Viable values for the $K$ parameter in the FLRW metric

Question

The FLWR metric is sometimes given as $$c^2 d\tau^2 = c^2 dt^2 - \frac{a(t)^2}{(1-KX^2)} dX^2. $$

I am not interested in the tangential motion so I set $d \Omega = 0$ although it is of interest in certain 'circles'. As I understand it $K$ is the curvature geometry of the universe where K<0 is open, K=0 is flat and K>0 is closed and finite. If I rearrange the above equation I can obtain $$a(t)\frac{dX}{dt} = c\sqrt{(1-KX^2)} \sqrt{1 - \frac{d\tau^2}{dt^2}}.$$

and for a photon $d\tau/dt = 0$ so:

$$a(t)\frac{dX}{dt} = c\sqrt{(1-KX^2)}.$$

The problem is, if I choose K=1 I get the local peculiar velocity of a photon to be imaginary. Does this rule out a universe having a closed (K=1) geometry as a viable model?

Answer 1

First, define a new time coordinate $\eta$ through integrating $$ d\eta = \frac{c dt}{a(t)}.$$ This time coordinate is often called conformal time. With this coordinate, the condition for a radial, null trajectory is $$ \frac{dX}{d\eta} = \sqrt{1-K X^2}.$$ So far I haven't done anything new, just simplified my life by defining a new time coordinate. But this is a differential equation: we can solve it the physicists way of rearranging the differentials as $$ \int \frac{dX}{\sqrt{1-K X^2}} = \int d\eta = \eta$$ where have chosen the boundary conditions $(X_0,\eta_0)=(0,0)$ to fix the integration constants. But the LHS is solvable! In particular, it says that $$\eta = \begin{cases} \sin^{-1}(X) & K =1 \\ X & K = 0 \\ \sinh^{-1}(X) & K = 1 \end{cases}$$

Equivalently, inverting these expressions,

$$X = \begin{cases} \sin(\eta) & K = 1 \\ \eta & K = 0 \\ \sinh(\eta) & K = 1 \end{cases}$$

So we can see the interpretation of your observation.

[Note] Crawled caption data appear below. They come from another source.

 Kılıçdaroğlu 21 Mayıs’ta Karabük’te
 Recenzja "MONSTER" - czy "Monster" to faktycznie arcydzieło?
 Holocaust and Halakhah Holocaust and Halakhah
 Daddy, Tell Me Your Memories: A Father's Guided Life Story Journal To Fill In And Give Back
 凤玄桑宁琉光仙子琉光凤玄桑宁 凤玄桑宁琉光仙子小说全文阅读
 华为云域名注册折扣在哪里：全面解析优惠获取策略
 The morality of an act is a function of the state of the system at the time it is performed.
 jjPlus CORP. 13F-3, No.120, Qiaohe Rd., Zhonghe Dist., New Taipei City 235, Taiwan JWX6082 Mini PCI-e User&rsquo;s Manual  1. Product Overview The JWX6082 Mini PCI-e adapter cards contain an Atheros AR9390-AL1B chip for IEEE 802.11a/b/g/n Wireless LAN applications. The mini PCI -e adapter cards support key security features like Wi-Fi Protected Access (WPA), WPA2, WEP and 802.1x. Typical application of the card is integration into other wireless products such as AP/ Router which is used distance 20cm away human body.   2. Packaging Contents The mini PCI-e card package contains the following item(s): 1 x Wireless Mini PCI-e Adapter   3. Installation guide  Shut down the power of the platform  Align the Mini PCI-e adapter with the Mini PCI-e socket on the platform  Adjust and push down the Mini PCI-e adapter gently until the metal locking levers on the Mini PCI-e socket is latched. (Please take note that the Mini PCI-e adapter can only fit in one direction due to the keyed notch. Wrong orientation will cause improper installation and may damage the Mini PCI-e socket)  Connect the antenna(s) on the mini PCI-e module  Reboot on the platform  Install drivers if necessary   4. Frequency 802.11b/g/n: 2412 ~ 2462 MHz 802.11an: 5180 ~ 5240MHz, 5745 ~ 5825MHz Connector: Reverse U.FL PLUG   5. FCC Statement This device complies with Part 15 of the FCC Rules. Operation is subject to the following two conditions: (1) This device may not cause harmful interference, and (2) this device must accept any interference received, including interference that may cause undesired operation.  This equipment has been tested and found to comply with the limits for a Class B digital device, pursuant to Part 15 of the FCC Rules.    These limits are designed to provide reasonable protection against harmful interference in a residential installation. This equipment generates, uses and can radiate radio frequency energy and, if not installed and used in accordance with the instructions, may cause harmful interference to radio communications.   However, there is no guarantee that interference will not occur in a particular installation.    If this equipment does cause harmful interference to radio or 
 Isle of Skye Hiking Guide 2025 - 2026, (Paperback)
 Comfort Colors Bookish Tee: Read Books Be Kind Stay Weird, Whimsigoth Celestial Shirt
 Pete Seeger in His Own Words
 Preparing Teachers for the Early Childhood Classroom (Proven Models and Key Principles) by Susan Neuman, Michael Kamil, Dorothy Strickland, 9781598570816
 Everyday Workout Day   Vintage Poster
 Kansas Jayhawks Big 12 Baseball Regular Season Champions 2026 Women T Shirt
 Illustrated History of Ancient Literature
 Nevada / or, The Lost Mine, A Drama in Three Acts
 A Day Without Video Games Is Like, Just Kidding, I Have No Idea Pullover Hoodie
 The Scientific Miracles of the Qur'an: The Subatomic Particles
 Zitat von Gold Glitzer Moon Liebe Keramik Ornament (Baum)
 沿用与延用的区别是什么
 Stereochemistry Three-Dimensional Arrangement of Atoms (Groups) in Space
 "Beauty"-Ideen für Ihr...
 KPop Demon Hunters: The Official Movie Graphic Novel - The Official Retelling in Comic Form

When $K=1$, the X coordinate has a maximum value, and is more like an angle than a true radial coordinate. That's why the velocity was imaginary for large enough $X$: the manifold just doesn't exist there! In fact, changing coordinates $X=\sin(\varphi)$, the spatial part of the metric you wrote is exactly the metric of a three sphere when you restore the $d\Omega$. That's not a coincidence, and deeply related to the fact that $K=1$ is the case of de Sitter spacetimes. Check out the Wikipedia page on de Sitter space for more information.

Answer 2

$$c^2 d\tau^2 = c^2 dt^2 - \frac{a(t)^2}{(1-KX^2)} dX^2. $$

For this metric expression, if you set $K=1$, then the spatial surfaces are hyperspheres of radius $a$. Every position on these hyperspheres has $|X|\leq 1$, so you will never obtain an imaginary quantity. Objects at $X=1$ lie at a distance of $\pi a/2$ (which you can see by integrating the metric or by realizing that this is 1/4 of the way around the hypersphere). Nearby objects with $|X|\ll 1$ lie at distance $a|X|$.